Jeff Bezos, who has been the CEO of Amazon since it was founded exactly 27 years ago on July 5th, 1994, has announced his resignation. After previously leading Amazon Web Services since 2003, Andy Jassy is now named as the company’s CEO on its investor relations website, with Jeff Bezos identified as Executive Chair. The handover date of July 5th was previously announced at a May shareholder meeting. 

It’s a turning point for Amazon, which has had the same CEO for the past two decades. The firm overcame the dot-com bubble crash in the late 1990s under Bezos’ leadership to become one of the world’s most recognised technology corporations.

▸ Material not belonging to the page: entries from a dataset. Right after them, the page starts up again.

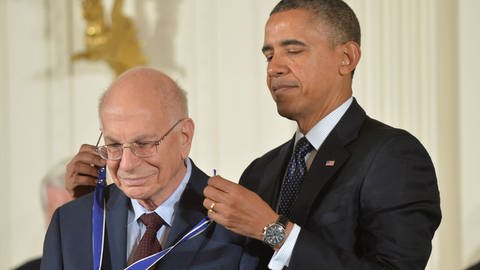 Daniel Kahneman erhält 2013 die Freiheitsmedaille im Weißen Haus, überreicht durch Barack Obama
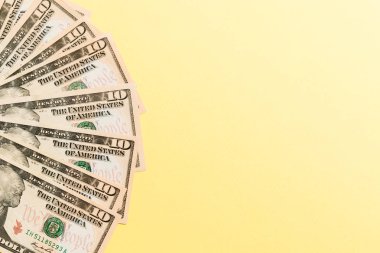 Yüz dolarlık para birimi fan yakın, kopya alanı ile renkli arka plan üzerinde iş kavramının üst görünümü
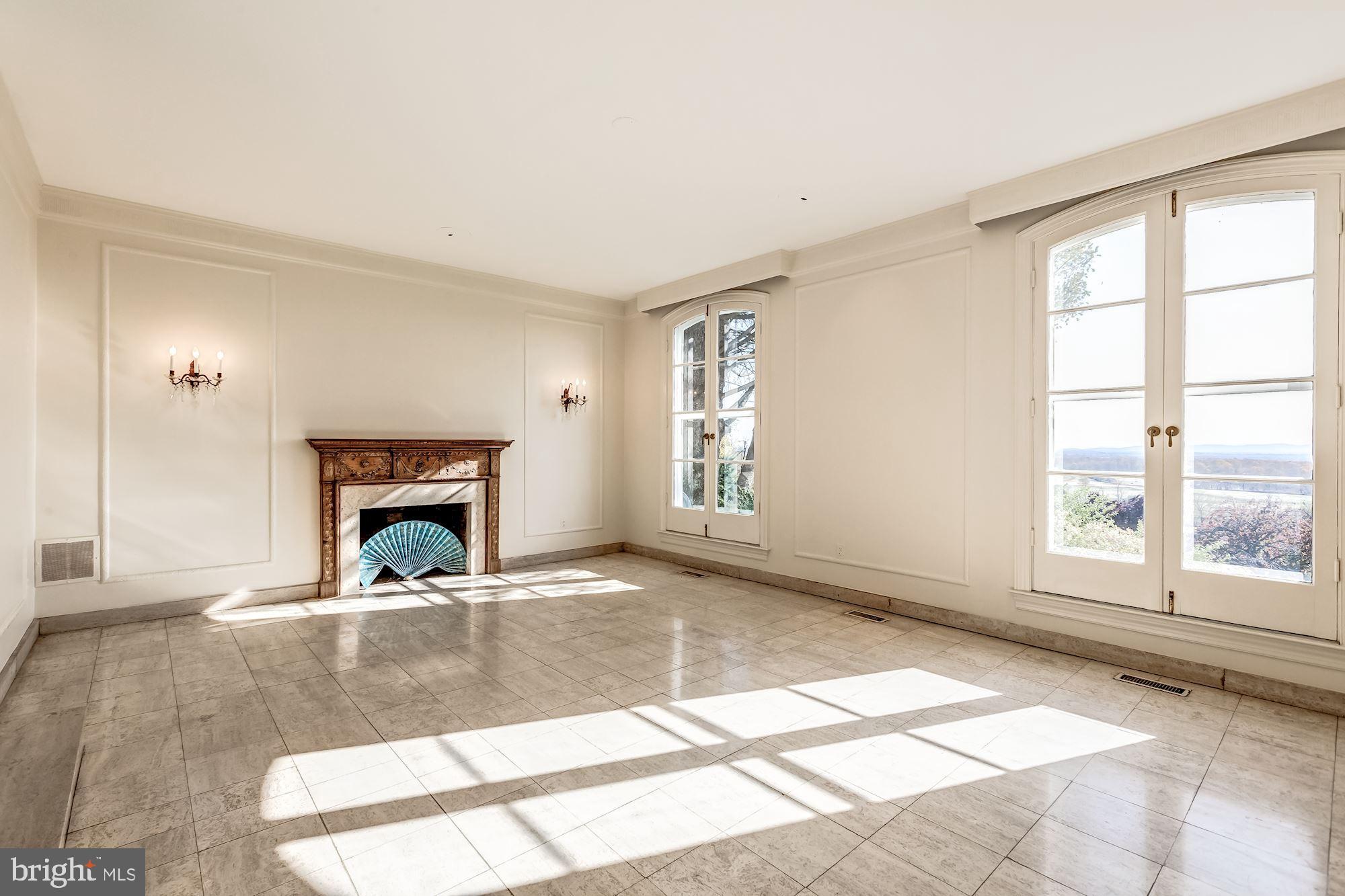 UPPERVILLE - Residential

Amazon presently dominates online commerce in the United States and portions of Europe, and thanks to Amazon Web Services, it also serves as a backbone for much of the modern web. 

The End of a 27-Year Tenure of Amazon CEO

Andy Jassy, Bezos’ successor, joined the firm in 1997, shortly after graduating from Harvard Business School, and has overseen AWS since its inception in 2003. In 2016, he was appointed as the division’s CEO.

According to Synergy Research, AWS controlled roughly a third of the global cloud computing industry by the end of 2020, which is about the same as its nearest competitors Microsoft and Google combined. Jassy’s path is similar to that of Microsoft’s current CEO, Satya Nadella, who previously led the company’s Azure cloud division. 

While Amazon stock price has soared under Bezos’ leadership, the company’s work standards, as well as the enormous wealth of the former CEO, have drawn widespread criticism. Warehouse workers and delivery drivers have complained about the company’s high production standards, and a ProPublica investigation recently claimed that Bezos paid no federal income tax in 2007 or 2011. 

Antitrust officials all across the world are looking at Amazon’s size and practises. Last year, Bezos was one of the Big Tech CEOs summoned to testify before Congress as part of the antitrust inquiry. Meanwhile, Amazon has been accused of exploiting Marketplace data in Europe, prompting the European Union to open a second antitrust inquiry into the corporation. 

Bezos, as the world’s richest man, is unlikely to fade into the background very soon. He’ll continue to serve as Amazon’s executive chairman, where he’ll “remain active in major Amazon efforts,” as well as devote more time and energy to other projects like the Day One Fund and Bezos Earth Fund charities, The Washington Post newspaper, and his Blue Origin space company. 

On July 20th, Bezos will be the first person to go to the edge of space aboard a Blue Origin rocket. On the ship New Shepard’s first crewed expedition, the now-former Amazon CEO will be joined by his brother, Mark Bezos. However, rival billionaire and Virgin Galactic founder Richard Branson is likely to beat Bezos to space on July 11th when he boards the VSS Unity spaceplane for a test trip.